Founder, Underpitch · Source review includes AMFI, SEBI, NSE, RBI, IRDAI, exchange, company or insurer documents where relevant.
2 July 2026
ROE measures profit relative to shareholders’ equity, ROCE compares operating profit with the capital employed in the business, and debt-to-equity compares borrowings with shareholder capital. Higher returns and lower leverage can indicate quality, but ratios can be distorted by buybacks, asset-light models, negative equity, cyclicality and accounting choices.
Key points
- ROE can rise simply because equity is reduced or debt increases.
- ROCE is useful for comparing capital-intensive operating businesses.
- Debt-to-equity is not directly comparable across every industry.
- Examine trends and cash generation, not only one-year ratios.
Return on equity
ROE broadly shows how much profit is generated for shareholder capital. A consistently high ROE with moderate debt and strong cash conversion can indicate an efficient business. A sudden jump requires investigation.
Return on capital employed
ROCE relates operating earnings to debt plus equity used in the business. It helps compare businesses that use different funding mixes, although definitions of capital employed and operating profit can vary across data providers.
Debt-to-equity and debt service
Debt-to-equity shows balance-sheet leverage, but repayment ability also depends on interest coverage, maturity, currency, collateral and cash-flow stability. Financial companies require sector-specific balance-sheet analysis.
Worked Indian example
Company A and Company B both report 25% ROE. Company A has little debt and converts profit into cash. Company B uses heavy borrowing and has weak interest coverage. The same ROE reflects very different underlying risk.
Comparison table
| Ratio | Simplified formula | Best used for | Important limitation |
|---|---|---|---|
| ROE | Net profit ÷ average equity | Shareholder capital efficiency | Can be inflated by leverage or low equity |
| ROCE | Operating profit ÷ capital employed | Operating capital efficiency | Definitions vary and cycles affect results |
| Debt-to-equity | Borrowings ÷ equity | Balance-sheet leverage | Sector norms differ |
| Interest coverage | Operating profit ÷ interest cost | Debt-servicing ability | Can fall quickly when profit weakens |
Calculate consistently and compare multi-year trends with relevant peers.
Risks and limitations
- One exceptional year can make ratios look unusually strong.
- Negative equity can make ROE meaningless.
- Capitalised expenses and acquisitions can affect comparability.

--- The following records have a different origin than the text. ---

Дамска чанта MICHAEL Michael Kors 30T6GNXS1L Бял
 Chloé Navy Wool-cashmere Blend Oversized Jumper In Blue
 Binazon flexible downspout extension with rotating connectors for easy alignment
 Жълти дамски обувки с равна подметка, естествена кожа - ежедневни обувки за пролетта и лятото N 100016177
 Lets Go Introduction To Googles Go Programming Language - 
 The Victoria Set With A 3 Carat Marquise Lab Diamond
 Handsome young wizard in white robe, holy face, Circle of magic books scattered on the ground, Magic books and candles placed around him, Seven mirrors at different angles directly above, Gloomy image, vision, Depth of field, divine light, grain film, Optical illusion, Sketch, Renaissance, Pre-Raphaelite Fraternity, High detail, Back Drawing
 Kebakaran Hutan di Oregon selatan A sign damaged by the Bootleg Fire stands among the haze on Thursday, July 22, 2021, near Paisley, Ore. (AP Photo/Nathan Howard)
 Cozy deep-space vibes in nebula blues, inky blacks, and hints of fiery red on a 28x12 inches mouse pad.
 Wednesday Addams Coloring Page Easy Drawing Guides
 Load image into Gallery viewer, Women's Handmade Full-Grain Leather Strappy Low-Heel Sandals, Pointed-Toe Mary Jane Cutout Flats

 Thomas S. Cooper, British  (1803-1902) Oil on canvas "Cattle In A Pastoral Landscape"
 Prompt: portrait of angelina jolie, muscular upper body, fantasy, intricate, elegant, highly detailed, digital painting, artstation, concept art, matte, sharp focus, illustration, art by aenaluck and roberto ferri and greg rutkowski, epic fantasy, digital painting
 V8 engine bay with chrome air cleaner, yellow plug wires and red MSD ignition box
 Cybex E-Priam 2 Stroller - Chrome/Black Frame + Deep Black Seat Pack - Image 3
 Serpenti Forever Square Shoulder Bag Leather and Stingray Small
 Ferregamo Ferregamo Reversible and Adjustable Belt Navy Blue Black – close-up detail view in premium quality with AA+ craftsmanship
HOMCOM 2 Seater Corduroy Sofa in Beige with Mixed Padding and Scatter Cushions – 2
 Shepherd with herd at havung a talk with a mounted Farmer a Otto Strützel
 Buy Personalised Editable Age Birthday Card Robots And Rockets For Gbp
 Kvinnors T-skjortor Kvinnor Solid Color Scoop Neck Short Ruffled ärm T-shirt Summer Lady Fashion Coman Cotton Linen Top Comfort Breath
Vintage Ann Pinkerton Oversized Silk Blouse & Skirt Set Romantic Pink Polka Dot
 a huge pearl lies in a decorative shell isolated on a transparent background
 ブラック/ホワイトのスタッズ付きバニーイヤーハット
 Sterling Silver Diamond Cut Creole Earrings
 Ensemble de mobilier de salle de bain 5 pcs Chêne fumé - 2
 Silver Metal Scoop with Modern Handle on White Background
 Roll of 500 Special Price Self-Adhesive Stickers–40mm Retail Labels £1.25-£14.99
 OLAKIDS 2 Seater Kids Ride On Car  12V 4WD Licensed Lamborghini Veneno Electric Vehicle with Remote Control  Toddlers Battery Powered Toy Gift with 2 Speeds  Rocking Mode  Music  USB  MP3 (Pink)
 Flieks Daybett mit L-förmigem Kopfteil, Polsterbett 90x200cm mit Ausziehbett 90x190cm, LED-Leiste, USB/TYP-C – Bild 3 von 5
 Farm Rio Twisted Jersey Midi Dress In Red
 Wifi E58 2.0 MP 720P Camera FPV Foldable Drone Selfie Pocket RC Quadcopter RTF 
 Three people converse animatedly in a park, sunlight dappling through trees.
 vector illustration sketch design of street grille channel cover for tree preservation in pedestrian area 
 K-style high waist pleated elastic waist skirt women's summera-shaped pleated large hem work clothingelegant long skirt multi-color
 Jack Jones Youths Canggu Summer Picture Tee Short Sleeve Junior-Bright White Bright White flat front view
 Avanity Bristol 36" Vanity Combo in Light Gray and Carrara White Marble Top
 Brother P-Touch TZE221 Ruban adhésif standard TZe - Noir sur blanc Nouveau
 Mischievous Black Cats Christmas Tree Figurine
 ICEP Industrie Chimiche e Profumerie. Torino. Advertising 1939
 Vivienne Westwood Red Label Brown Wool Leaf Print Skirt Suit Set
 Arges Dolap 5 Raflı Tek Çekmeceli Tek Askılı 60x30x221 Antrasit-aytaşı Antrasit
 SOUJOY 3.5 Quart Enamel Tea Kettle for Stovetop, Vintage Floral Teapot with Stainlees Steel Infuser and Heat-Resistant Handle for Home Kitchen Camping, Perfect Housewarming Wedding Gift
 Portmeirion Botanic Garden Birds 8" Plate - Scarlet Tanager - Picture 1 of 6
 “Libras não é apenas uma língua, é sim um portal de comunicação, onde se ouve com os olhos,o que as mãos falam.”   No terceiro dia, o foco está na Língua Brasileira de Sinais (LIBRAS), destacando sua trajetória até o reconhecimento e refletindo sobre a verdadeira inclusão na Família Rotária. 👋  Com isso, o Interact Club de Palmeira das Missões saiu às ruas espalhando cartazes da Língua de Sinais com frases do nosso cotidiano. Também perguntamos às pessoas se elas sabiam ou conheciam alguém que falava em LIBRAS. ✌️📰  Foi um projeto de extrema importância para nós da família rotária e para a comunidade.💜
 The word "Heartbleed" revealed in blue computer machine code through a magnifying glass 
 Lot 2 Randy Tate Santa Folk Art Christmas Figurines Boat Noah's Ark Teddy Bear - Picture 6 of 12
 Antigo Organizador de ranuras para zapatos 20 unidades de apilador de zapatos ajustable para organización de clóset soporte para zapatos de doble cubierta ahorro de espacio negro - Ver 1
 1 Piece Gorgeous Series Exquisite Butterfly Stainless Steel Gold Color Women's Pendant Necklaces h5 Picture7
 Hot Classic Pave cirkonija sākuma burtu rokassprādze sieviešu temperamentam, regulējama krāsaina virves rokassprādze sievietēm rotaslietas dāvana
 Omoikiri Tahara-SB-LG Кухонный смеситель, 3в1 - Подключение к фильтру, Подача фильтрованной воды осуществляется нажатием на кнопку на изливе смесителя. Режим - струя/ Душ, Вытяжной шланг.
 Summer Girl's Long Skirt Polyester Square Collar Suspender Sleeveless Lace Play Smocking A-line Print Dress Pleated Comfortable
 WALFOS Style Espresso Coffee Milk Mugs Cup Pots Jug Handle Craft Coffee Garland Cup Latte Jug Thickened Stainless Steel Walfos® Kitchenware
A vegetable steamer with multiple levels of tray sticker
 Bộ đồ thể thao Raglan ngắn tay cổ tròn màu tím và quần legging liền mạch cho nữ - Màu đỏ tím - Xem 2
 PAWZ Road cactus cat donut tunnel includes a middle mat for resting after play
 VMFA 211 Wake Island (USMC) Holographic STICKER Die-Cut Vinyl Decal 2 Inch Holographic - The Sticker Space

- Financial businesses require different leverage interpretation.
Frequently asked questions
Is higher ROE always better?
No. It may be driven by debt, low equity or temporary profit.
What is a good ROCE?
It should be assessed against the company’s cost of capital, industry economics, cycle and peers.
Is zero debt always ideal?
Not necessarily. Sensible debt can improve returns, but excessive or mismatched debt increases risk.
Should banks be analysed with normal debt-to-equity?
Banks and lenders use leverage as part of their business model, so capital adequacy and asset quality are more relevant.
Sources and methodology
Rules, thresholds and product terms can change. Verify the latest official material and product documents before relying on a figure.
This page is for education and product understanding. It is not a personalised investment, legal, tax, trading or buy/sell recommendation. Stocks, derivatives, PMS and AIFs can result in partial or total capital loss.